Baca juga: 2 Warga Embalut Kukar yang Tenggelam di Sungai Mahakam Ditemukan Meninggal Dunia
“Kalau untuk stok kemungkinan besar masih aman. Karena petani lokal sebentar lagi panen,” ujar Supriyono, pemilik Toko Alfian, saat ditemui di kiosnya, Selasa (5/8/2025).
Supriyono menyebutkan, selama ini dirinya lebih mengandalkan pasokan dari wilayah-wilayah sentra produksi padi di Kukar seperti Muara Kaman dan Rapak Lambur. Ia mengatakan, pasokan terbesar justru datang dari Muara Kaman yang dikenal sebagai salah satu lumbung padi lokal.
“Mayoritas yang saya jual itu dari petani lokal. Hampir semuanya. Kecuali kalau kosong, baru ambil dari luar,” jelasnya.
Ia menyebut harga beras lokal saat ini masih berada di kisaran Rp14.000 hingga Rp15.000 per kilogram, tergantung pada kualitasnya. Menurutnya, harga mulai menurun seiring mendekatnya musim panen.
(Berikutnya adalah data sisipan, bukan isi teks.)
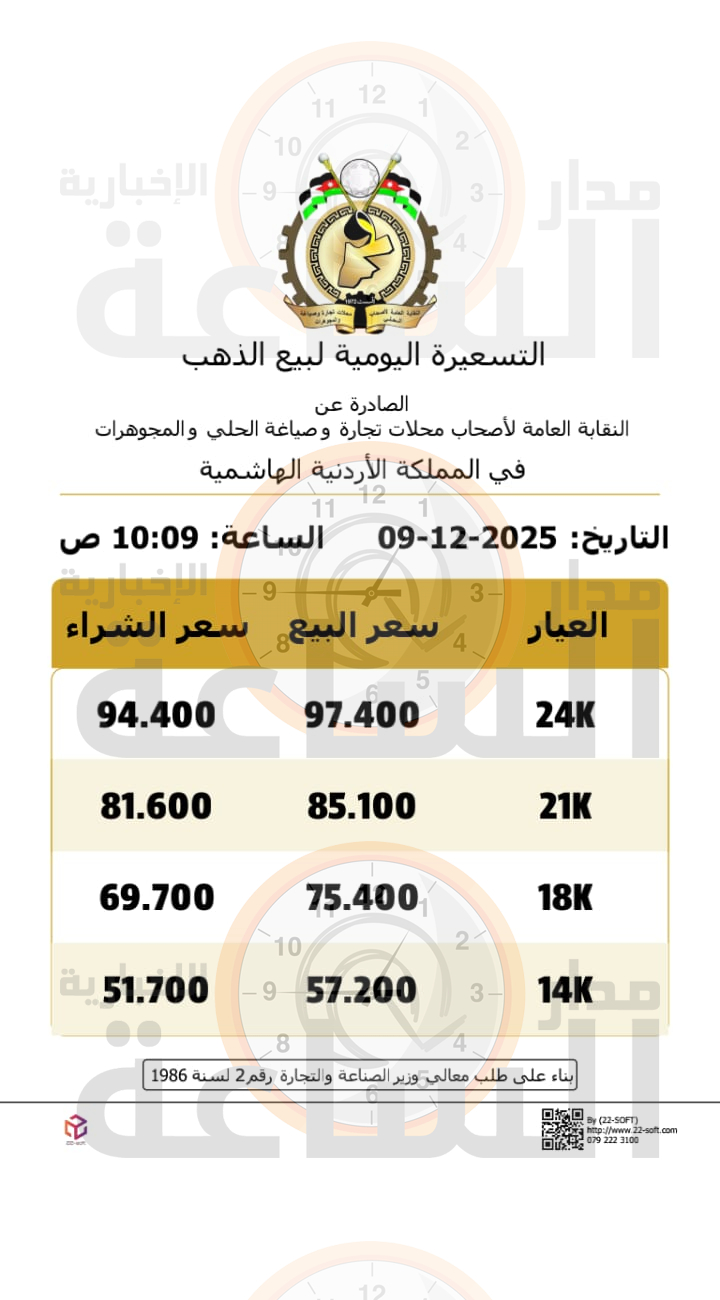 Madar Al-Saa Images 0.8388428850269222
“Sekarang sudah mulai turun, biasanya jadi Rp14.000. Kalau belum panen, ya biasa Rp15.000,” ucapnya.
Kualitas beras turut menjadi faktor utama dalam penentuan harga. Untuk beras yang lebih bersih dan pulen, harga bisa tetap tinggi.
“Kalau barang bagus, harganya bisa tetap di Rp15.000. Tapi kalau kualitas biasa, bisa lebih murah,” ujarnya.
Meski sesekali mengambil stok dari luar daerah, Supriyono menegaskan sumber pasokannya lebih banyak berasal dari Jawa, bukan dari Sulawesi seperti yang umum dijual di tempat lain.
“Saya nggak terlalu utamakan yang dari luar. Biasanya kalau ambil itu dari Jawa,” ungkapnya.
Dari sisi permintaan, beras lokal dinilai masih sangat diminati oleh masyarakat Kukar. Salah satu alasannya adalah tekstur yang pulen, sesuai dengan selera masyarakat setempat.
“Peminatnya bagus. Karena orang sini lebih suka yang pulen. Kalau beras dari Sulawesi biasanya pera,” tuturnya.